◆ Task inputs ◆
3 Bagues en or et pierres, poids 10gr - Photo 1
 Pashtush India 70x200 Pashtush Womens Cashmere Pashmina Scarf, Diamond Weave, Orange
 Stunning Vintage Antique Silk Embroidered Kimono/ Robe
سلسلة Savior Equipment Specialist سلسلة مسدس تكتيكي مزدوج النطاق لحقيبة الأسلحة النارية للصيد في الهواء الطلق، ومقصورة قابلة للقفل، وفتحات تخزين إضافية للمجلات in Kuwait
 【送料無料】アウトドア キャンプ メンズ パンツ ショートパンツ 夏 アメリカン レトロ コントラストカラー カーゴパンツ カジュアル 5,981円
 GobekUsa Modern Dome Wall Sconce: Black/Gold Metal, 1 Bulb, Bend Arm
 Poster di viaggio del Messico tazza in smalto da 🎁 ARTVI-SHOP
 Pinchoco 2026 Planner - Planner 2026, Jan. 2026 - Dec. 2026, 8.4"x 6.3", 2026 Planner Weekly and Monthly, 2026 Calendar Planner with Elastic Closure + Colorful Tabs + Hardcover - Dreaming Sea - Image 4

◆ Task to carry out ◆
Begin at the top of the listing above and set down each line exactly. Stop after the line that contains "Poster di viaggio".

◆ Response box ◆
3 Bagues en or et pierres, poids 10gr - Photo 1
 Pashtush India 70x200 Pashtush Womens Cashmere Pashmina Scarf, Diamond Weave, Orange
 Stunning Vintage Antique Silk Embroidered Kimono/ Robe
سلسلة Savior Equipment Specialist سلسلة مسدس تكتيكي مزدوج النطاق لحقيبة الأسلحة النارية للصيد في الهواء الطلق، ومقصورة قابلة للقفل، وفتحات تخزين إضافية للمجلات in Kuwait
 【送料無料】アウトドア キャンプ メンズ パンツ ショートパンツ 夏 アメリカン レトロ コントラストカラー カーゴパンツ カジュアル 5,981円
 GobekUsa Modern Dome Wall Sconce: Black/Gold Metal, 1 Bulb, Bend Arm
 Poster di viaggio del Messico tazza in smalto da 🎁 ARTVI-SHOP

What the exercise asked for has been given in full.